Over time, small particles of leftover food accumulates in the filter or crevices of the machine and begin to smell. The dishwasher can transmit the odor to dishes during the drying cycle. Unless the machine is cleaned out periodically, the smell will persist.
Here's what you can do to solve the problem:
Clean the filter.
Remove the filter from the dishwasher and clean it thoroughly, using a stiff scrub brush, soap and hot water. Instructions on how to remove the dishwasher filter vary by make and model, so check the manual for your dishwasher to make sure you're removing and replacing the filter correctly. Can't locate the manual? Check online.
Clean the machine.
If the inside of the dishwasher still smells fishy after you've cleaned the filter, it's time to clean the machine. Make a simple paste of baking soda, dish soap and water and use this mixture to scrub the interior of the dishwasher, including gaskets, shelves and walls. Rinse the mixture out of the dishwasher by running an empty cycle at the hottest temperature available.
- Rinse dishes before putting them in the dishwasher, or at least scrape off any large pieces of food so they won't clog the dishwasher's drainage system.

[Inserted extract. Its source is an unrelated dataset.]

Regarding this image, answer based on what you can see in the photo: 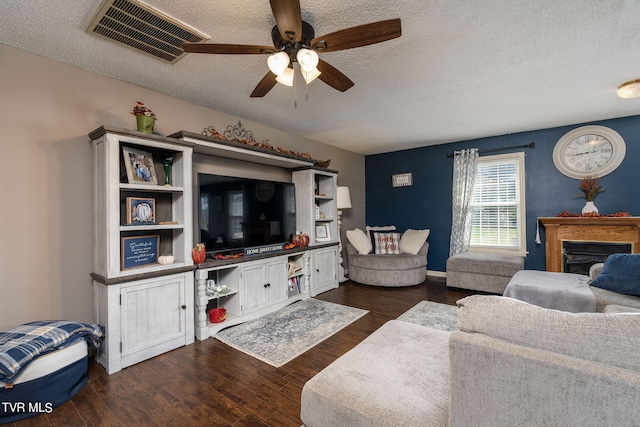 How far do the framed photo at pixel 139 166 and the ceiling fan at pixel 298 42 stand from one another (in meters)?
1.17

- Periodically clean the filter and the inside of the machine to keep food build up from causing odors in the future.
- Food debris has a better chance of becoming trapped in gaps of the machine when too little water is used during the wash cycle. Avoid using the kitchen faucet when the machine is filling with water so as not to divert water resources from the washing machine as it fills.
Combine a good cleaning with some pro-active prevention and you should be able to banish dishwasher smells for good!